= Task item =
Where a picture appears, skip it; print everything else in the records exactly as it stands.

= Data shown =
------------------------------

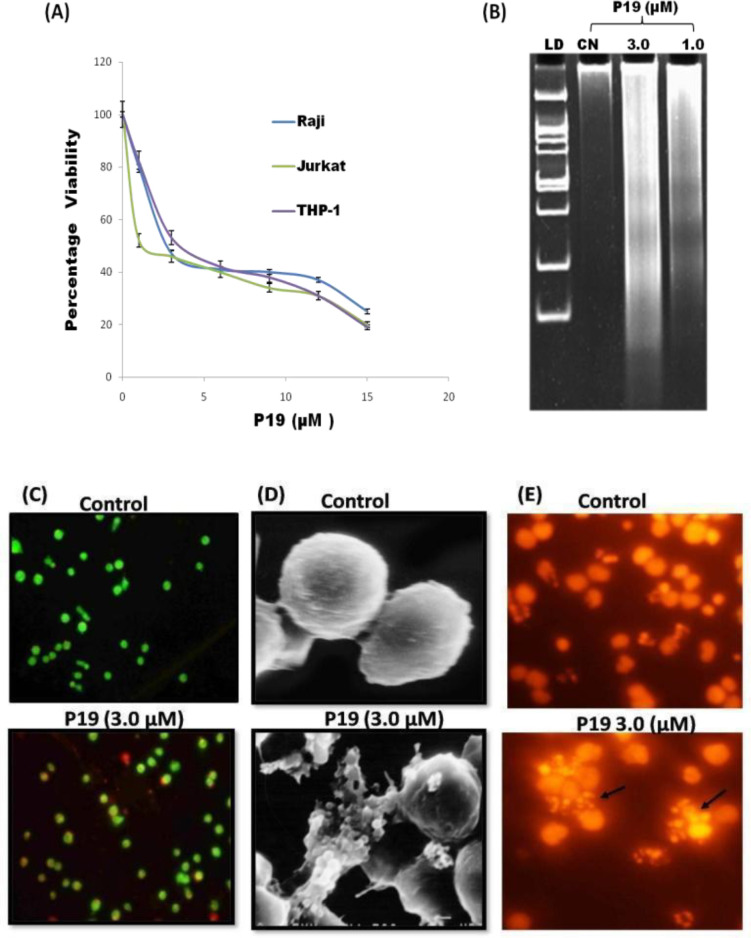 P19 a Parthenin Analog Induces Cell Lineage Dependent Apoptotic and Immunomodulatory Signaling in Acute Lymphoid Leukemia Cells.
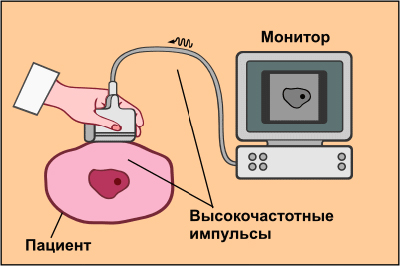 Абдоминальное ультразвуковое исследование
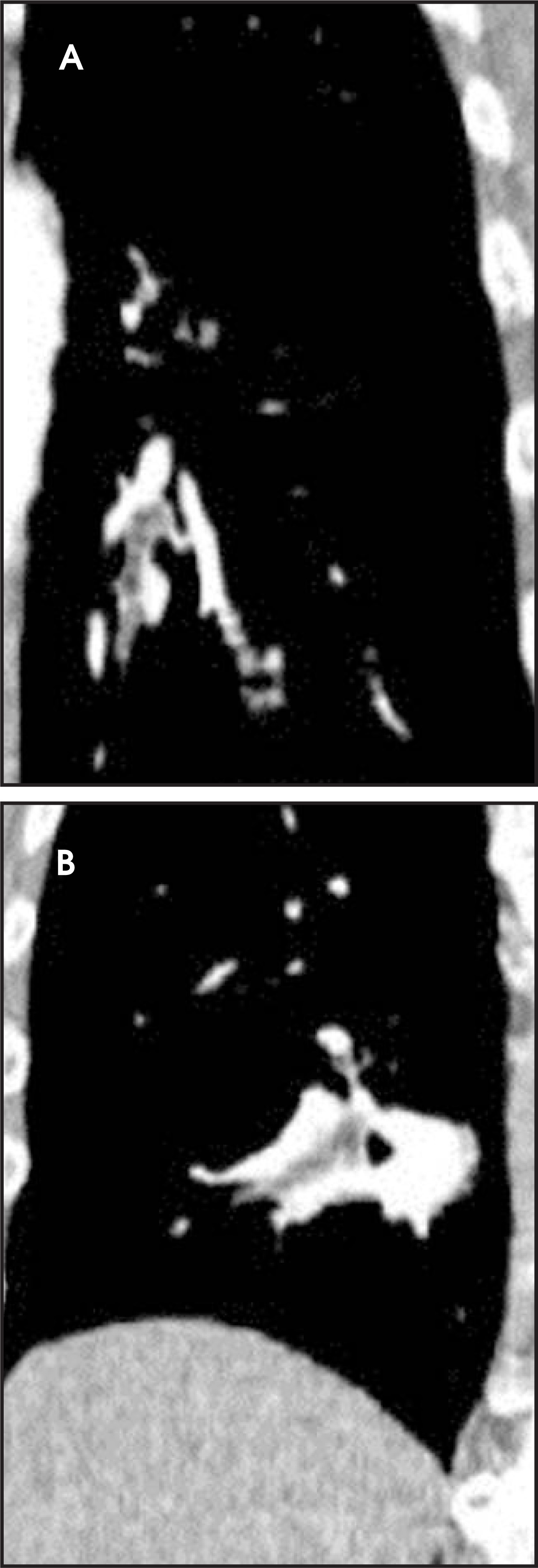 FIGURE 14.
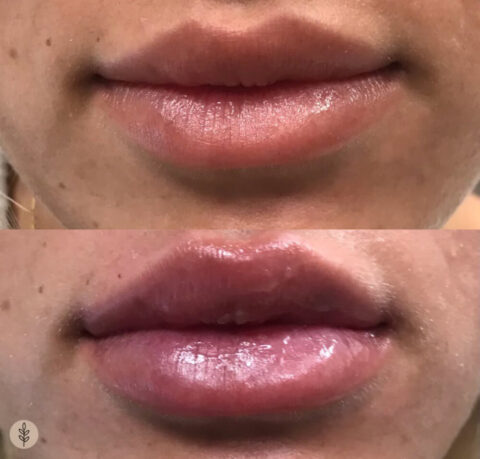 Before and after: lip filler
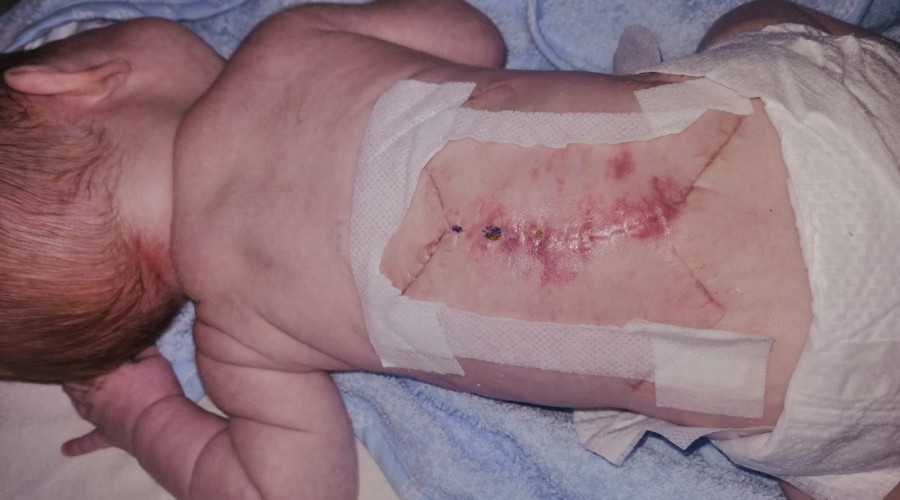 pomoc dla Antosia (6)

------------------------------

= Task answer =
 P19 a Parthenin Analog Induces Cell Lineage Dependent Apoptotic and Immunomodulatory Signaling in Acute Lymphoid Leukemia Cells.
 Абдоминальное ультразвуковое исследование
 FIGURE 14.
 Before and after: lip filler
 pomoc dla Antosia (6)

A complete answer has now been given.